Using the CouchSurfing website, particularly in more expensive places such as New York or Paris, can save you a lot of money. So far on this trip around the world, it’s saved me at least a few hundred dollars in lodging costs, and it’s introduced me to interesting people from the places I’ve visited in the process. If you want to try it out, here are some tips:
- Philosophy: Don’t be skeezy. Don’t be a mooch. If you’re joining CouchSurfing, be willing to host people and actually do so. If you’re staying with someone, expect to spend a reasonable amount of time hanging out with that person — but, conversely, you should be ready to be independent because this person’s life does not revolve around you. Above all, be flexible and open-hearted, and listen a lot. If you have 20 sites you need to visit per day or you hate talking to strangers, CouchSurfing is not for you. If you need to be in control of your environment, it’s also not for you. CouchSurfing is about connecting with different cultures in new and interesting ways more than it is about getting a free place to stay.
- Contacting potential hosts: Try to find people who have a lot in common with you and who haven’t been worn out on hosting people. Propose a kind of cultural trade if it’s appropriate, such as cooking for them if you are a decent cook in your country. Strike up some kind of comradarie before you arrive at this person’s house — consider becoming friends on Facebook, for example.
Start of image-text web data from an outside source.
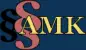 AMK Logo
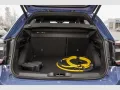 Abarth 600e Scorpionissima Voll-LED 3-Phase Alcantara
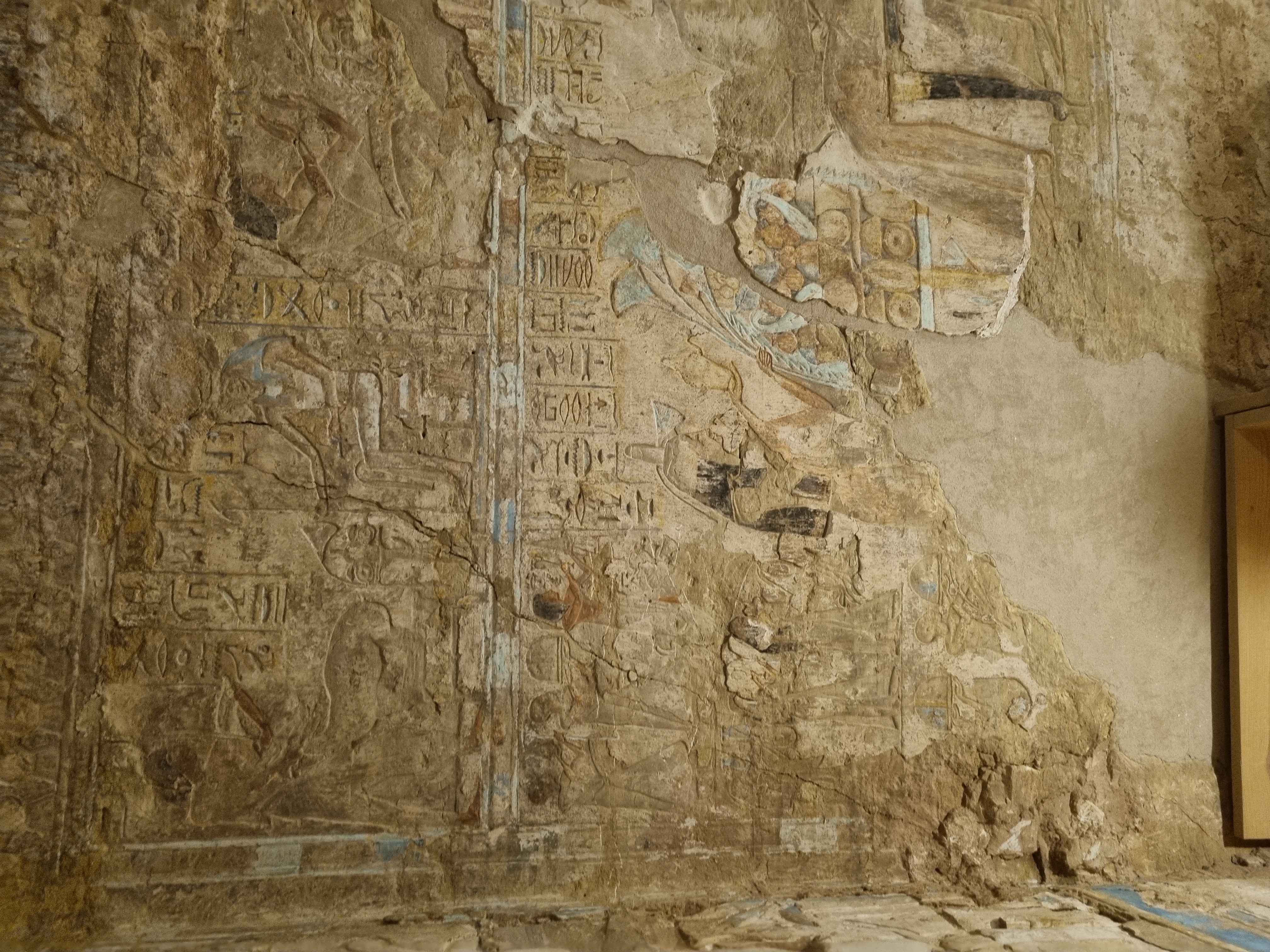 Photo from 2025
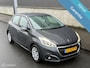 Peugeot 208 1.2 PureTech Blue Lion|Carplay|Goed Onderhouden|
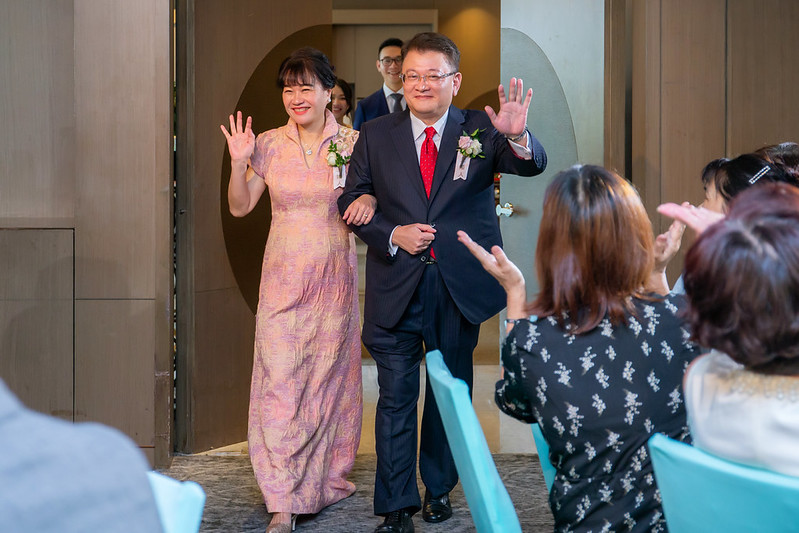 Wedding婚禮記錄 Zhuang婚禮攝影 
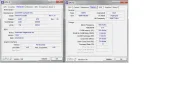 main-mem.webp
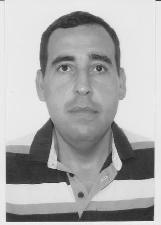 Foto de GERALDO CARDOSO GERPE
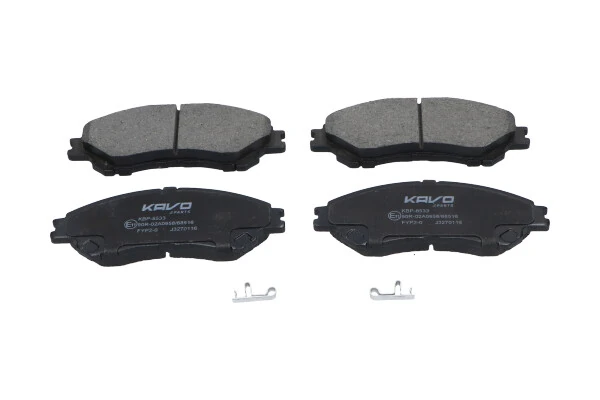 KBP8533 Kavo Parts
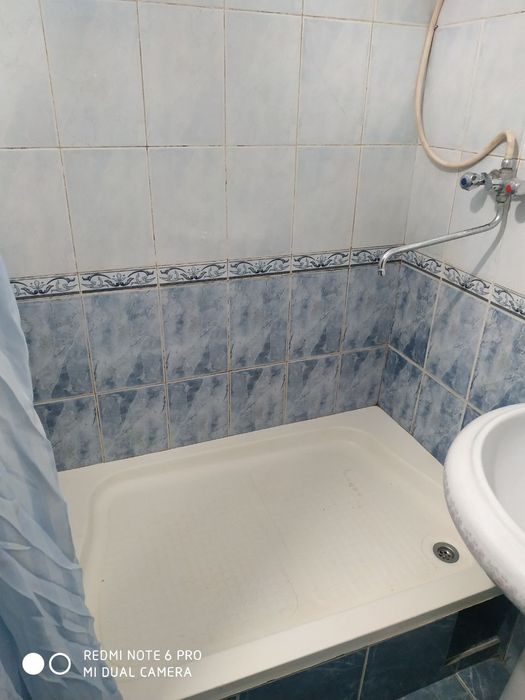 Квартира 42 квм Урда продажа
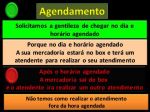 Códigos dos produtos: 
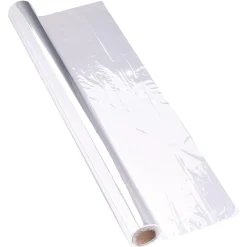 Lámina Para Regalo 75 Cm, 50 M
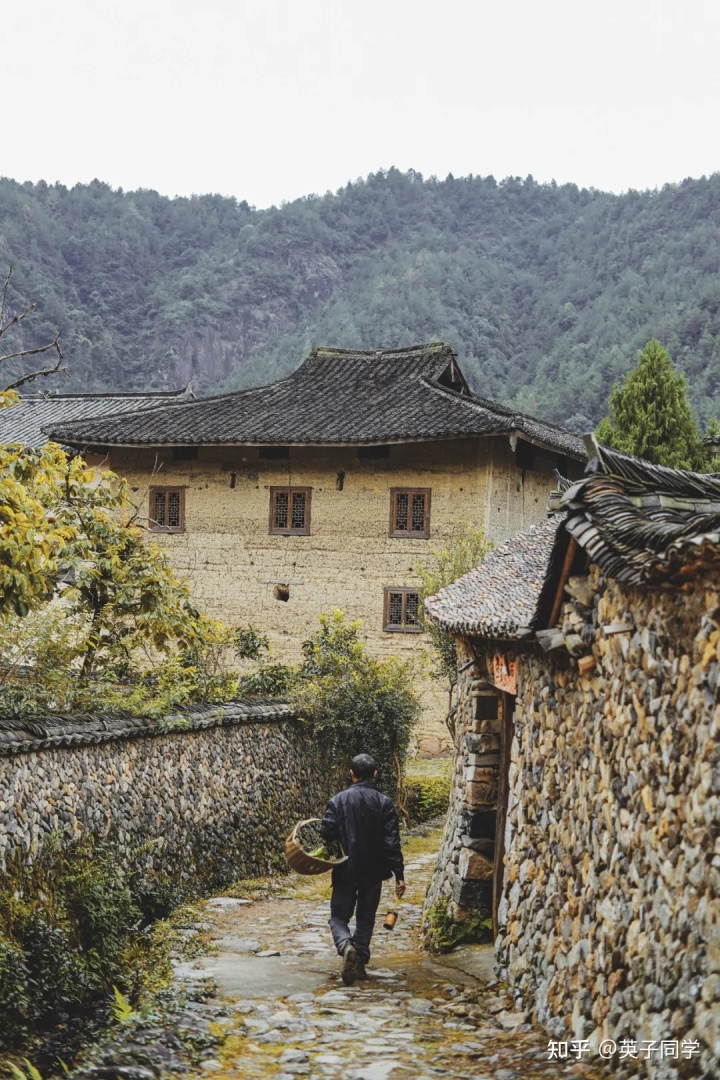 造雾者蒸汽电子烟_城市造造造秘籍_私自造烟的村子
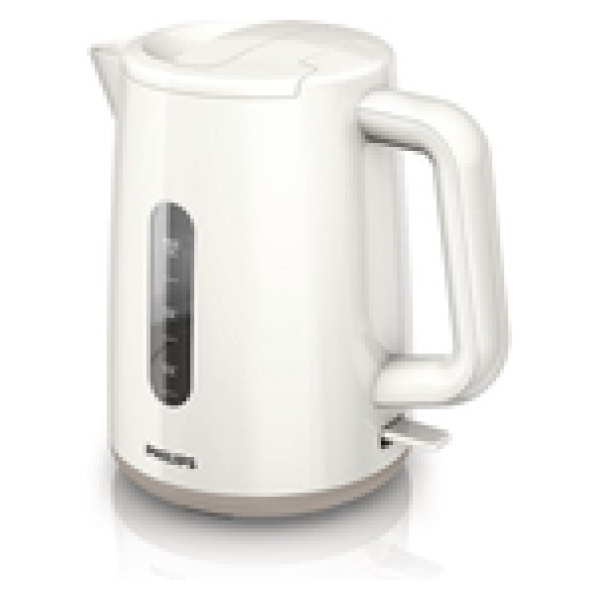 ΒΡΑΣΤΗΡΑΣ PHILIPS HD9300 DAILY COLLECTION ΕΩΣ 12 ΔΟΣΕΙΣ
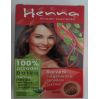 Henna  mahagon 33g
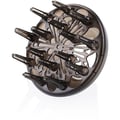 Miniatyrbillede 4 af 4: Hårtørrer - ETA - Fenité 7320 90020 - 2200 W - Ionisering - Inkluderet tilbehør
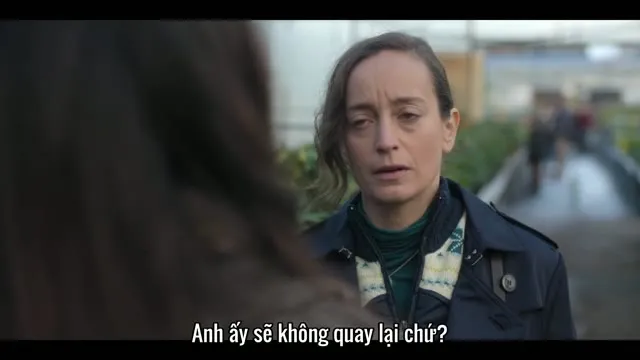 Xem phim Người làm vườn Vietsub HD tại TVHay Xem phim Người làm vườn Vietsub HD tại TVHay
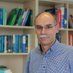 Wolfgang R. Streit (@streit_wolfgang) Twitter profile photo Wolfgang R. Streit (@streit_wolfgang) Twitter profile photo
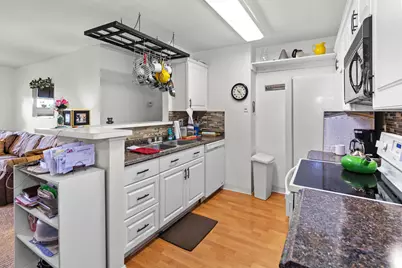 2477 Crystal Springs Drive, Hilliard, OH 43026 - Photo 8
- Communication: Be straightforward and do not use euphemistic phrases. For example, I once told someone who said he could host me for two nights that I had a host for Monday, but asked if we could we meet up Tuesday evening. He thought I meant meet up only, like for coffee, and made other plans for the couch. Say what you mean as politely as possible and as clearly as possible, particularly if there is a language barrier.
- Planning: Have a phone that is capable of texting in the country you’re visiting. Short of that, have Viber or Whattsapp or whatever your host uses for internet-based texting. Set up a meeting time and place before you arrive. A café close to their house where you can get online is a good option if neither of you are rushed. Be on time and find a way to tell them if you’re running late.
- Manners: Bring a small gift to establish your non-mooch status, preferably from your own country and obviously of decent quality. Personalize this as much as possible, but typically good chocolate and small bottles of alcohol make universal gifts (unless, obviously, the person does not drink alcohol or eat chocolate for one reason or another). Clean up after yourself and all the other normal human things you’re supposed to do with housemates.
- Safety: Stay with hosts who have good references from other travelers, and have a back-up plan you could execute on your own, such as going into the city center and finding a hostel. Don’t stay with anyone whose house can only be accessed by car unless you have a car and are fit to drive. If you have a bad experience, tell CouchSurfing about it. And, obviously, the police if necessary.
- Comfort: If you’re uncomfortable, there’s no reason you have to stay as long as you said you would. Plans change. But be polite if it’s for sanitation or cultural reasons, even if you’re leaving because there are flies all over the kitchen. Don’t mention the flies all over the kitchen.
- Flexibility: Your proposed hosts’ plans may also change. Remember, they don’t owe you a place to stay. Be understanding. If you need a 100% sure plan, CouchSurfing is not for you.
- Experience: As I have found, you may have a great experience, or you may have a less than stellar one. It’s a bit hard to predict which will be which, though you can always try contacting previous guests and asking specific questions if you’re curious.